New York - World oil prices dipped, with traders taking profits after crude rose above the psychological $50 level this week on evidence of a fall in supplies.
In the United States, trader caution was high ahead of the long Memorial Day holiday weekend, when markets will be closed on Monday.
"It's a holiday weekend here and a lot of people are already out," said Carl Larry at Frost & Sullivan.
US benchmark West Texas Intermediate for delivery in July fell 15 cents to $49.33 a barrel on the New York Mercantile Exchange.
In London, Brent North Sea crude for July finished at $49.32 a barrel, down 27 cents from Thursday's settlement.
"The main thing is we really haven't moved far from the $50 mark here. It's lower but not a collapse, which is good," Larry said. "I think we're going to hold this level."

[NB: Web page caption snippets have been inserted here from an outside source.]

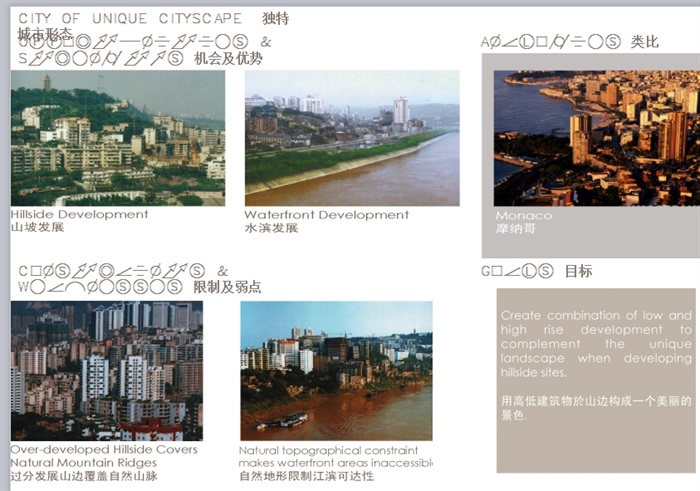 某重庆渝中半岛城市设计ppt方案(4)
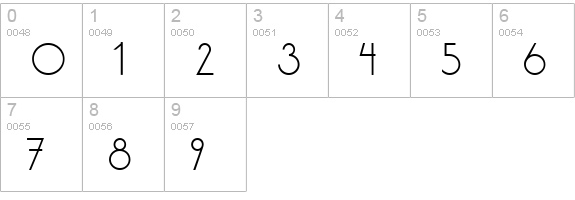 Sonne numbers 0-9 preview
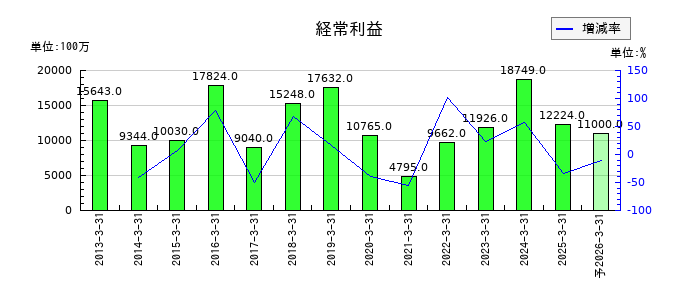 ゲオホールディングスの通期の経常利益推移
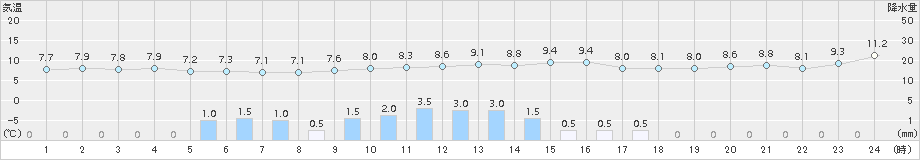 南伊勢(>2015年02月26日)のアメダスグラフ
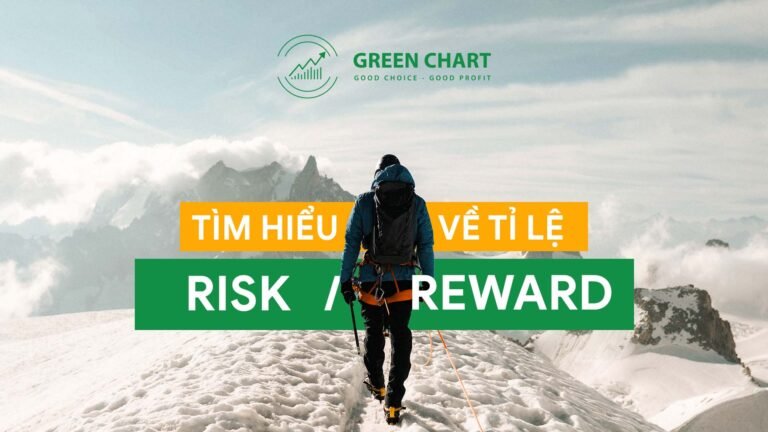 The Risk : Reward Ratio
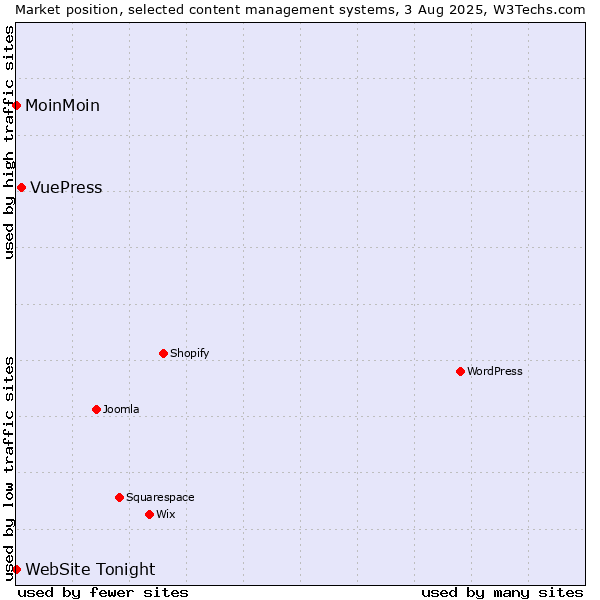 Market position of VuePress vs. MoinMoin vs. WebSite Tonight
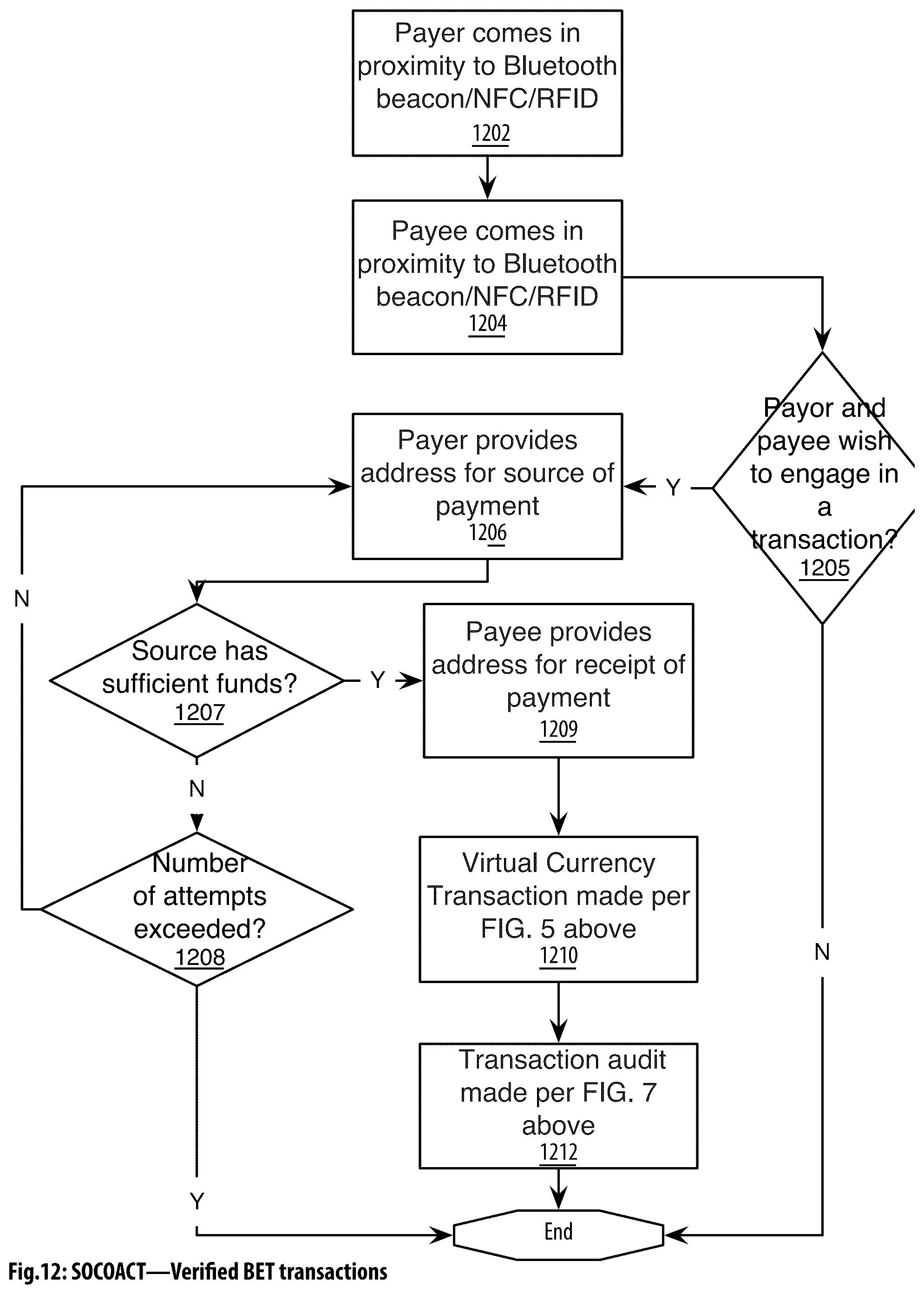 Patent US12323524 Figure 13 – Social aggregating, fractionally efficient transfer guidance, conditional triggered transaction, datastructures, apparatuses, methods and systems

Oil prices had topped $50 a barrel for the first time this year on Thursday as production disruptions in Canada and Nigeria eased short-term concerns about abundant global supplies.
Larry also cited next week's Organisation of the Petroleum Exporting Countries (OPEC) meeting to discuss world production levels as a reason for the cautious market action.
"I don't think anybody wants to trade with too much risk here," he said.
Most analysts predicted the June 2 meeting of the OPEC would not produce action to address ample global supplies.
Saudi Arabia, the cartel's kingpin, is expected to stick to its policy of fighting for market share with high crude output, Citi Futures analyst Tim Evans said.
"While the market fully anticipated that there will be no agreement to limit oil production, we still see the lack of an output cap as allowing OPEC production to trend at least somewhat higher over the next few months," Evans said.